British writer and collage artist (1955–2024)

Graham Rawle (22 July 1955 – 16 August 2024) was a British writer and collage artist whose visual work incorporates illustration, design, photography and installation. His weekly Lost Consonants series appeared in the Weekend Guardian for 15 years (1990–2005). He produced other regular series which included ‘Lying Doggo’ and ‘Graham Rawle’s Wonder Quiz’ for The Observer and ‘When Words Collide’ and ‘Pardon Mrs Arden’ for The Sunday Telegraph Magazine and 'Bright Ideas' for The Times.

==Life and career==
Rawle was born in Birmingham on 22 July 1955. He lectured and exhibited his work internationally, heading the design team that created the 4000 sqft 'Hi-Life' supermarket installation for EXPO 2000 in Hanover. As director of the Niff Institute, in 2001 he created a range of limited edition art pieces that form the Niff Actuals product range.

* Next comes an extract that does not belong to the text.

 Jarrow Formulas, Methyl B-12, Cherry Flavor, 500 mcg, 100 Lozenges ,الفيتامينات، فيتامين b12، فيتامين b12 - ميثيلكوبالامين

Among his astonishing published books are The Wonder Book of Fun, Lying Doggo, Diary of an Amateur Photographer and a reinterpretation of The Wizard of Oz, which won 2009 Book of the Year and best Illustrated Trade book at the British Book Design and Production Awards. His critically acclaimed Woman's World, a novel created entirely from fragments of found text clipped from women's magazines of the 1950s and '60s, is being made into a found footage film collage. The Card was shortlisted for the 2013 Writers' Guild of Great Britain Book Award. His most recent novel Overland, designed to be read horizontally, was published in 2018.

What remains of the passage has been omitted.